- [EXERCISE GOAL] From the data below, return only the lines from the one with "SHENZHEN, CHINA - CIRCA" through the one with "Two soft linen", exact and inclusive, with pictures left out.

[[ DATA PROVIDED, beginning ]]

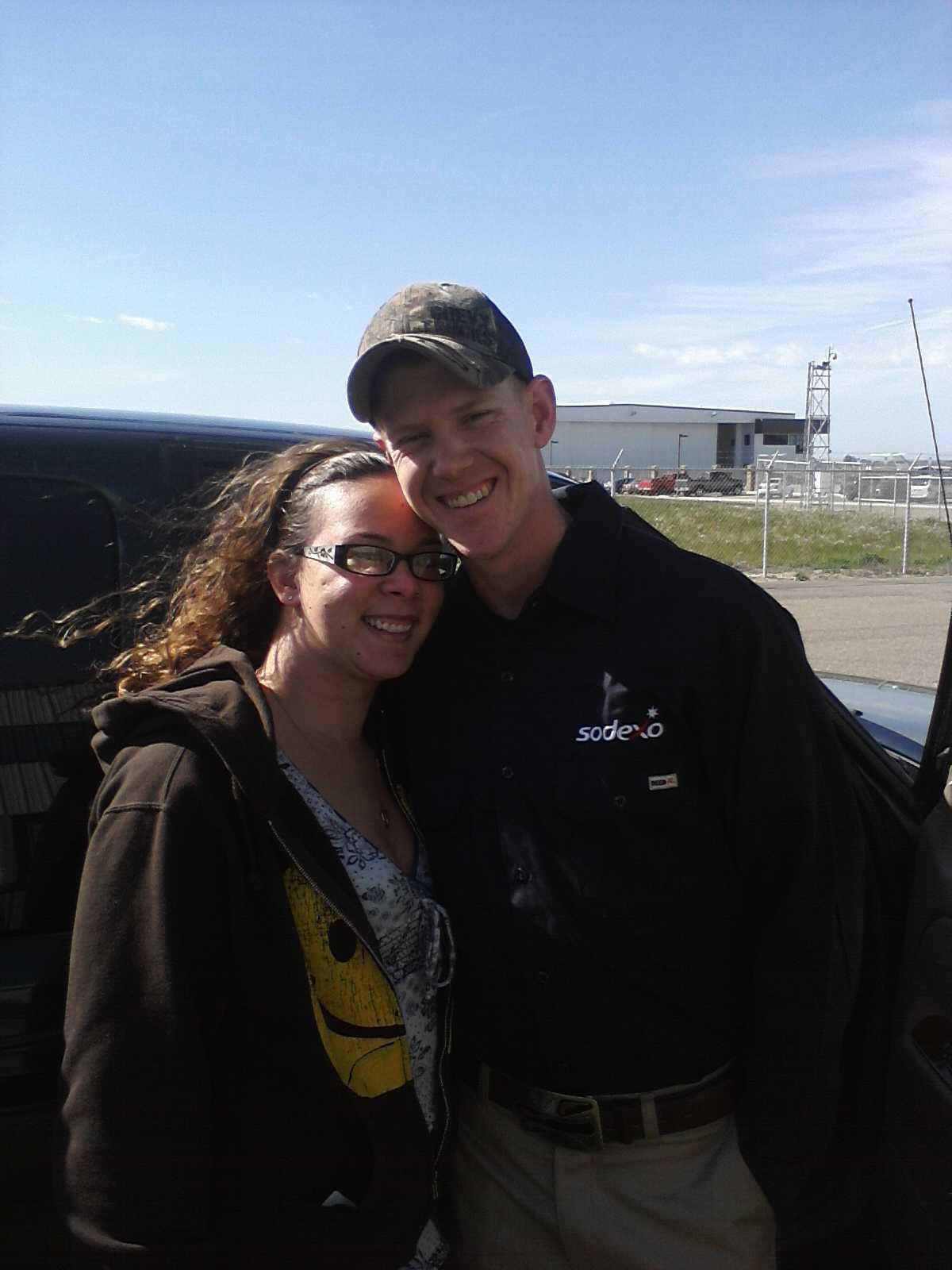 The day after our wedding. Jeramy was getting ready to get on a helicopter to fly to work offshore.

[[ DATA PROVIDED, end ]]
[[ DATA PROVIDED, beginning ]]

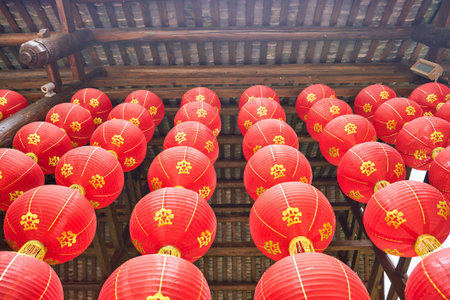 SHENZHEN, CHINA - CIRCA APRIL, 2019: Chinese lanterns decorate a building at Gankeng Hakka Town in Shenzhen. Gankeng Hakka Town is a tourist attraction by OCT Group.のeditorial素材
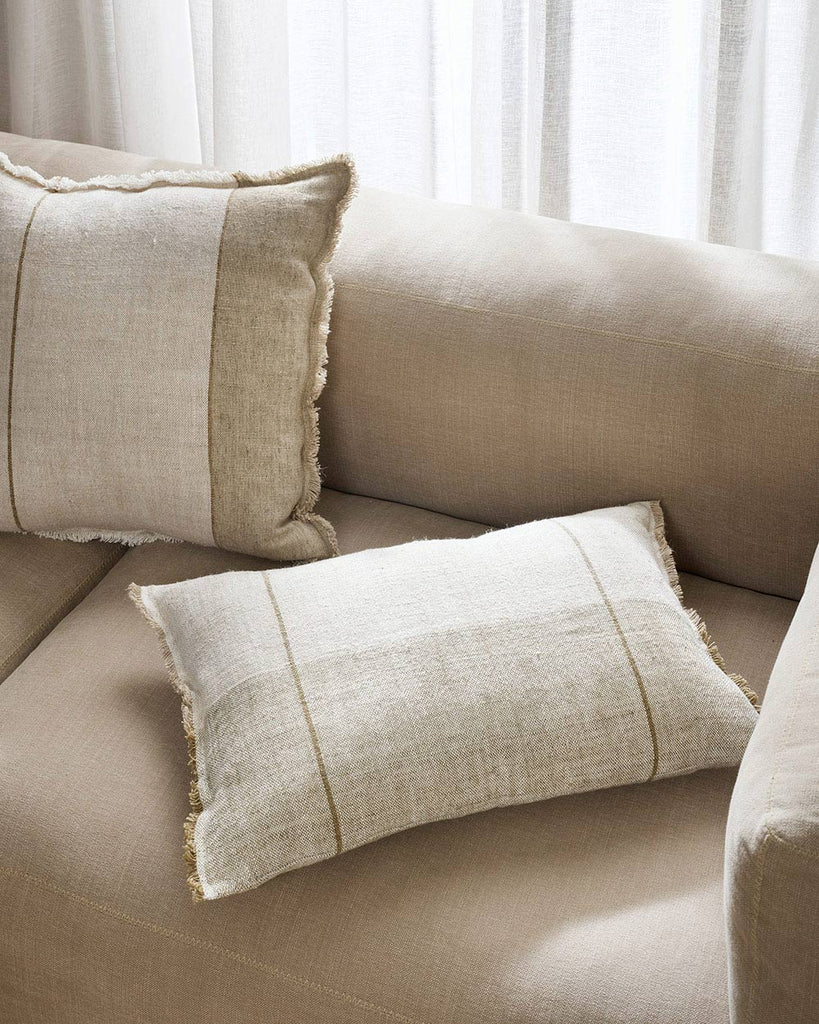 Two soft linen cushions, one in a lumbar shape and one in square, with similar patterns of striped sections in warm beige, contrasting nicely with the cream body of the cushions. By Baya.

[[ DATA PROVIDED, end ]]

- [PROBLEM SOLUTION]
 SHENZHEN, CHINA - CIRCA APRIL, 2019: Chinese lanterns decorate a building at Gankeng Hakka Town in Shenzhen. Gankeng Hakka Town is a tourist attraction by OCT Group.のeditorial素材
 Two soft linen cushions, one in a lumbar shape and one in square, with similar patterns of striped sections in warm beige, contrasting nicely with the cream body of the cushions. By Baya.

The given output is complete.